* [TRY IT]
Only the pictures are to be left out; write out the rest of the data exactly.

* [DATA PROVIDED]
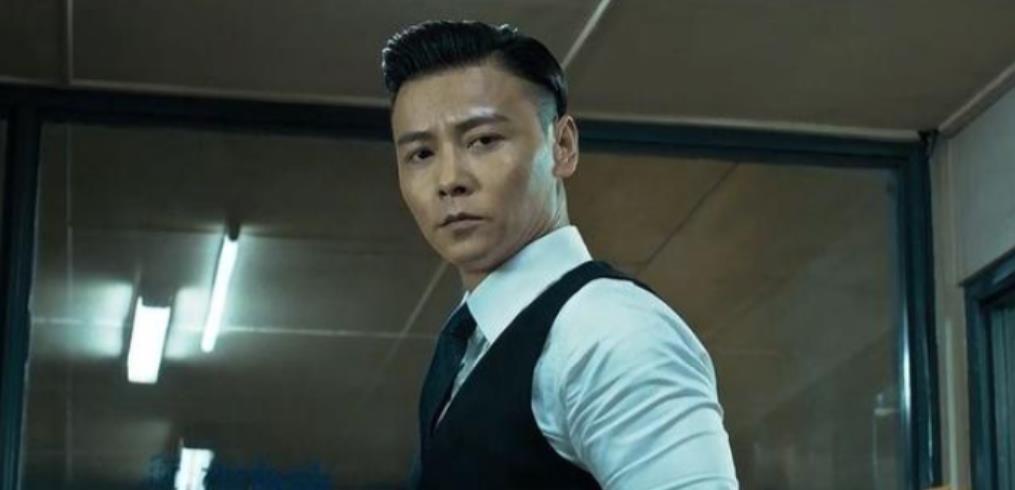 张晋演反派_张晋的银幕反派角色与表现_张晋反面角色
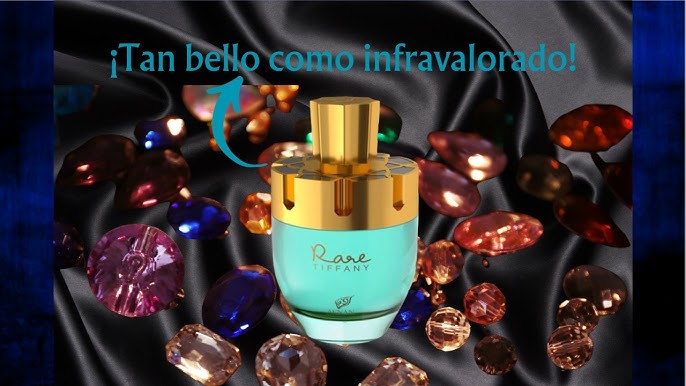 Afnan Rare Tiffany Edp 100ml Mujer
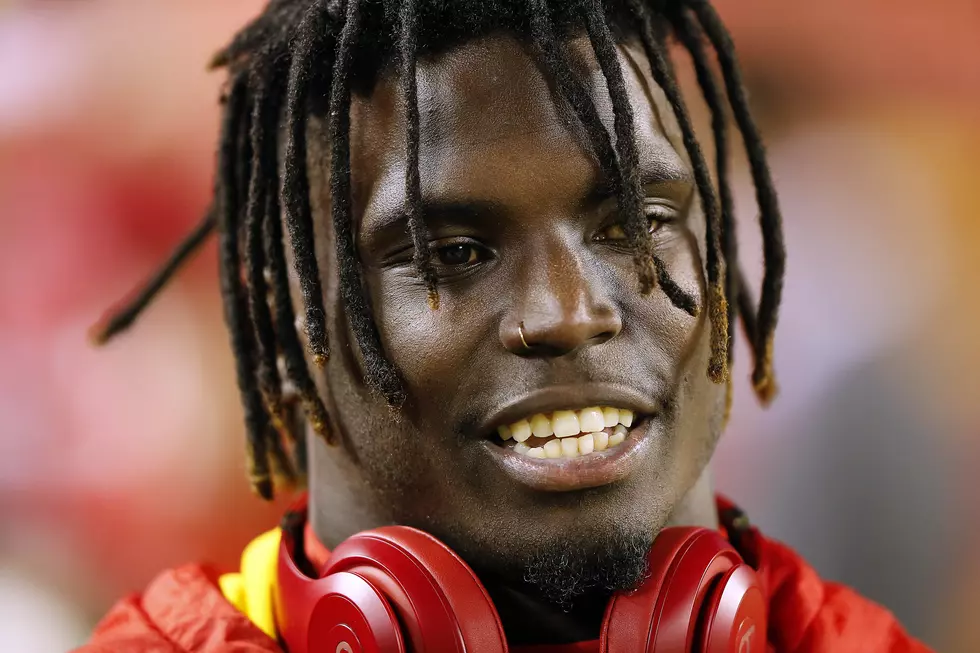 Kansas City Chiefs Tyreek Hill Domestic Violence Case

* [SOLUTION TO THIS TASK]
 张晋演反派_张晋的银幕反派角色与表现_张晋反面角色
 Afnan Rare Tiffany Edp 100ml Mujer
 Kansas City Chiefs Tyreek Hill Domestic Violence Case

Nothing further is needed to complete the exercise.